I choose to exclusively breastfeed him, and while breastfeeding is something you can learn in theory, the experience supplies a million things no book or consultant ever could. My three sisters breastfed their babies with no problem, and I anticipated the same experience. He would latch on feircely( picture your toes being pulled through your breasts), but need to be on the breast for HOURS. He hardly wet or had a BM, and after 4 days he was down to one wet diaper a day. The staff at the hospital felt this was normal and discharged us. The first day home his eyes had fallen into the sockets, ,his color was grey and he was crying nonstop. I called the doctors and they told me to bring him to the ER. He was dehydrated and reccived IV fluids. I was tested and found that my body does not have the hormone required to produce milk, so I was starving my son for the first 5 days of his life. This fact brought on a whole new form of body hatered. I felt like I had the word fail written on my forhead.
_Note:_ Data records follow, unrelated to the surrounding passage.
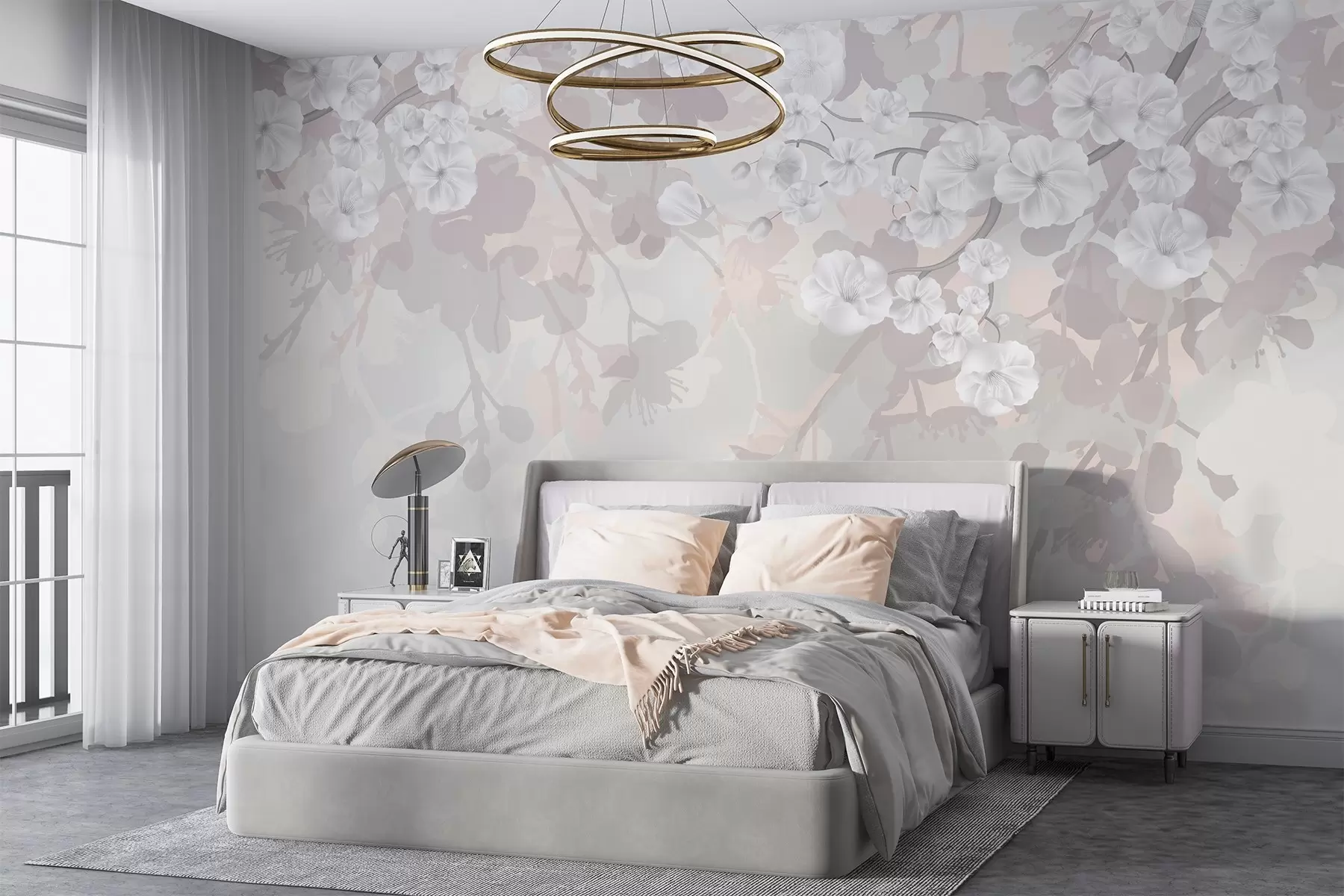 murais de parede Ramos de cerejeira com flores brancas e folhas cinzentas, sobre elegantes silhuetas florais em tons pastel suaves w08973v1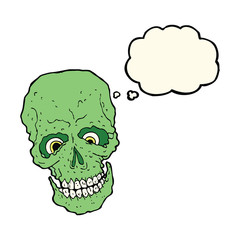 cartoon spooky skull with thought bubble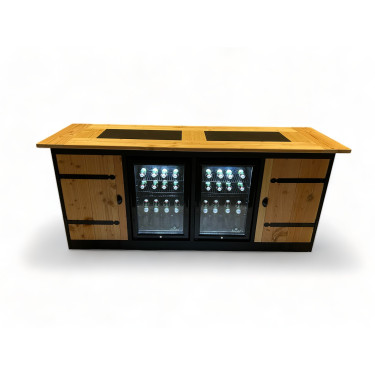 Buitenkeuken Mississippi | 70 Liter Koelkast | Zwart Omlijst | Douglas Hout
Things then fell into somewhat normal for a time, and I struggled with the challenge of building back my body strength after all that bedrest and c section birth, being a new mom to a very active, bright little boy and my husband in training for the Deaconate. It was a red letter day if I got to shower and eat lukewarm food ! At 7 months Nick developed a serious ear infection, and that began an edless parade of doctor visits for the ear infection that would not quit. Then came the normal baby immunizations, and suddenly the bright boy on project head start was gone. What was left was something that had numerous problems that just were not what the books list as the normal baby things. By the time he was 4, I was totally fed up with the medical community and decided to part company with them. Shortly afterwords I learned the word Autisim and my son had met and become one. This was the final straw in my self esteem. Not only couldn't I do what an insect could do( get pregnant and nurture it's own young), but anything I touched in that vein turned to shit.Then I had a series of very early miscarriages, and I felt like I was the reincarnation Lucretia Borja. At that time I got this weird idea that if I made enough food in really good flavors, it would make it all better. If I made enough bread, sweet rolls and homemade pasta, I could make all of this go away. If I could cook and can massive amounts of food to over nurture my family, it would not matter that my body could not do so in other ways.

It didn't. It only packed on pounds and problems.

Now, as we deal with diet and supplements and exercise, I keep bumping up against my thoughts from that experience, as if it is finally time to take them out and heal. And heal I shall. I have learned that smothering is not the same thing as feeding, and quantity does not replace quality. Quality can get buried in quantity very easily. And rather than see myself as a failure because of my maternal experiences, I am begining to see that I am pretty Damned good. God does not give you more than you can handle, and if He belives I am up to this challenge because I have the skills, who am I to argue with that ?

1 comment:

Marisa @Loser for Life said...

Wow, that is a heart wrenching story. I am sending you bear hugs as I am reading this post. I am so proud of you for being able to release all this and start on the road to healing. You are a very strong and wonderful mother!